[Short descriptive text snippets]
[Start of section]

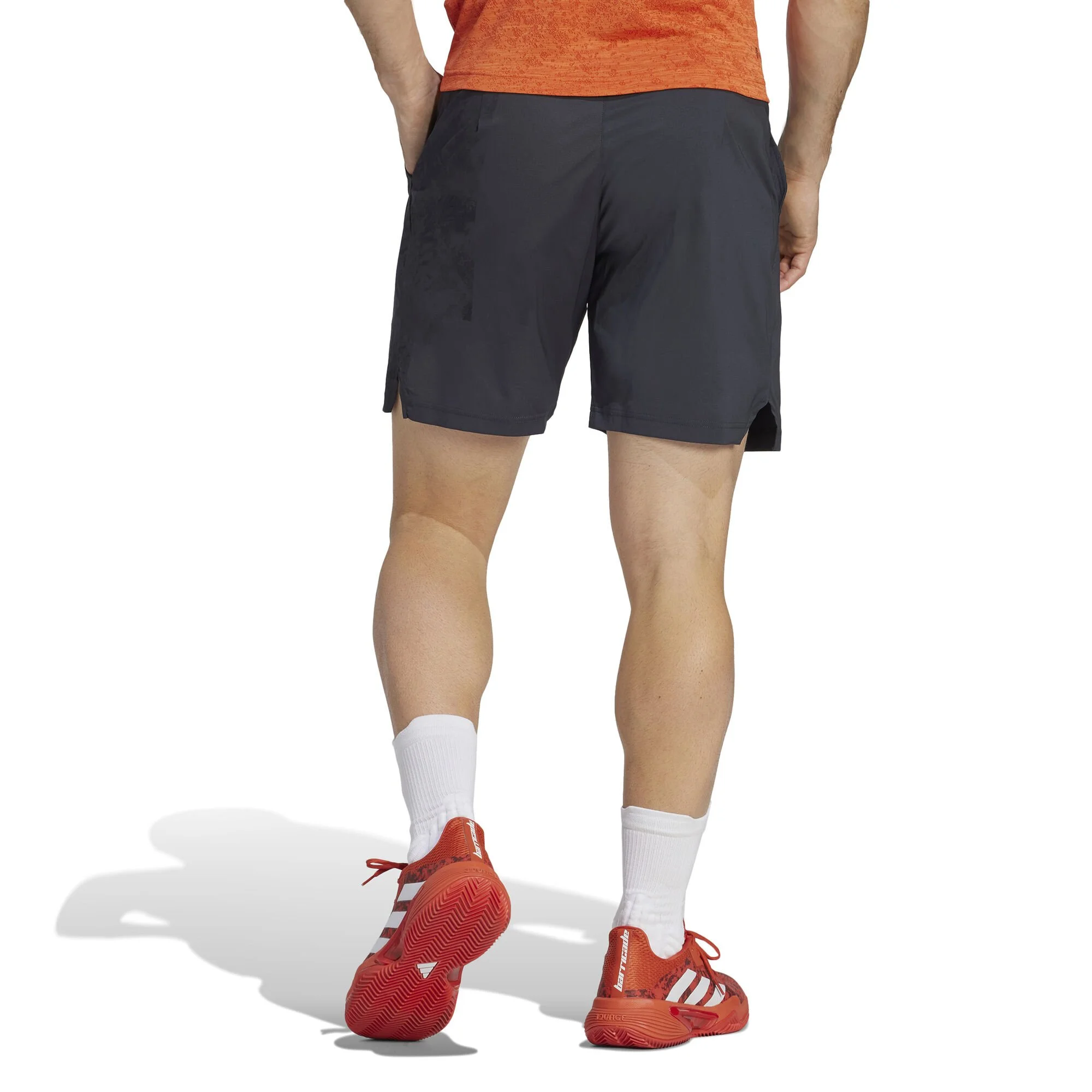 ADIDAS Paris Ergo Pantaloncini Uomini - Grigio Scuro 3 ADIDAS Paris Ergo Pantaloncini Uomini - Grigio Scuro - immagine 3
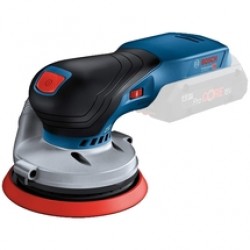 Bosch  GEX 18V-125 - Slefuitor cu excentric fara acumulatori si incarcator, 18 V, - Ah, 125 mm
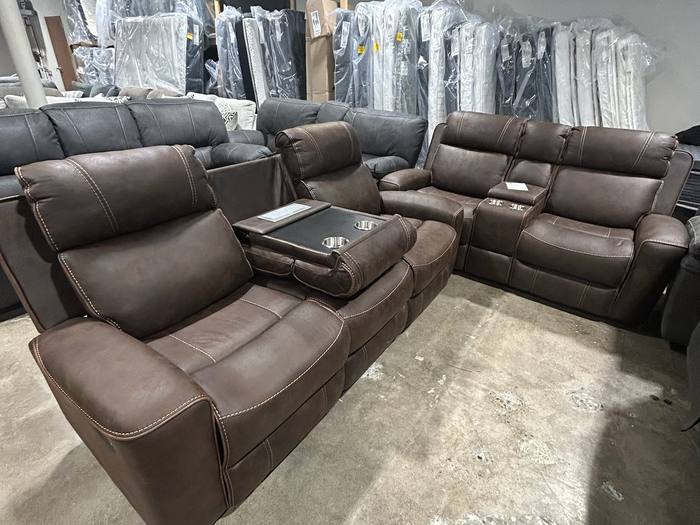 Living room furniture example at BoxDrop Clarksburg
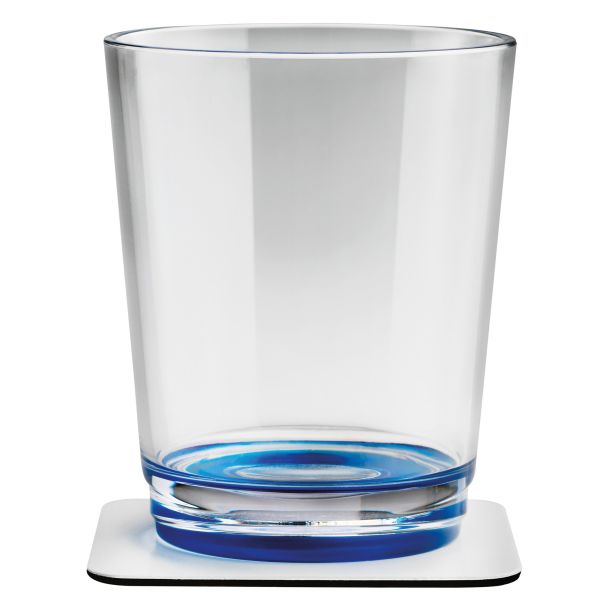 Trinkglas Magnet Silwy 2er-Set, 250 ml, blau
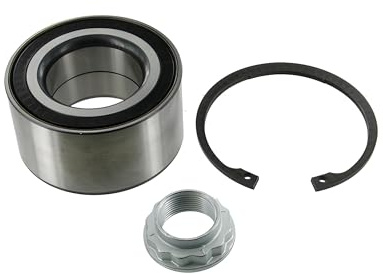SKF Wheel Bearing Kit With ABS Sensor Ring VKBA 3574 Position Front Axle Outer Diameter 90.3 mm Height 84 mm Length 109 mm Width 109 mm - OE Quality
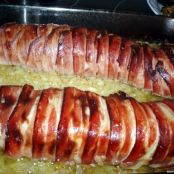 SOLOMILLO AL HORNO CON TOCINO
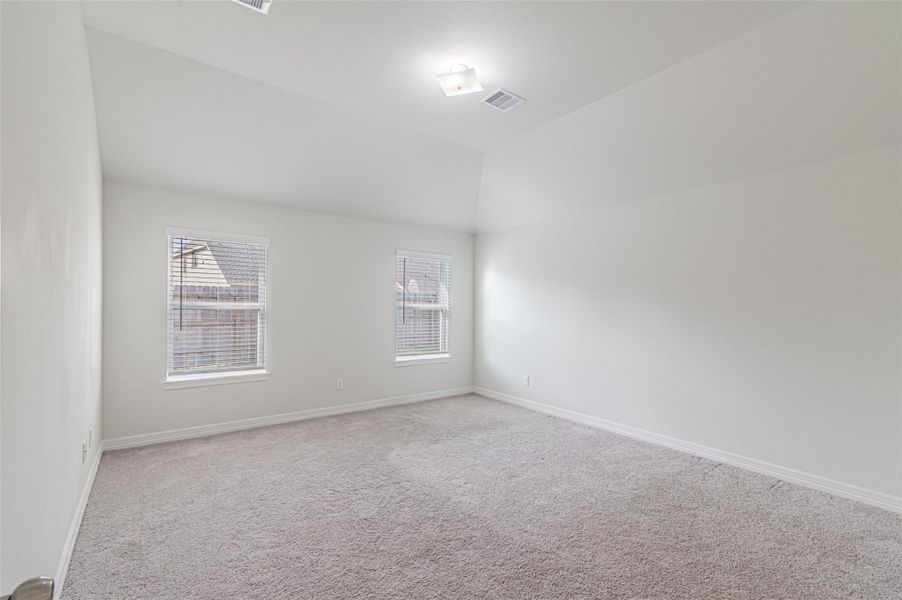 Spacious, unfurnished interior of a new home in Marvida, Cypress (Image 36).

[End of section]

*DESCRIPTION OF THE TASK*
Repeat word for word the lines above, from the first entry through the line containing "Living room furniture", with both ends kept and the pictures dropped.

*ANSWER TO THE PROBLEM*
 ADIDAS Paris Ergo Pantaloncini Uomini - Grigio Scuro 3 ADIDAS Paris Ergo Pantaloncini Uomini - Grigio Scuro - immagine 3
 Bosch  GEX 18V-125 - Slefuitor cu excentric fara acumulatori si incarcator, 18 V, - Ah, 125 mm
 Living room furniture example at BoxDrop Clarksburg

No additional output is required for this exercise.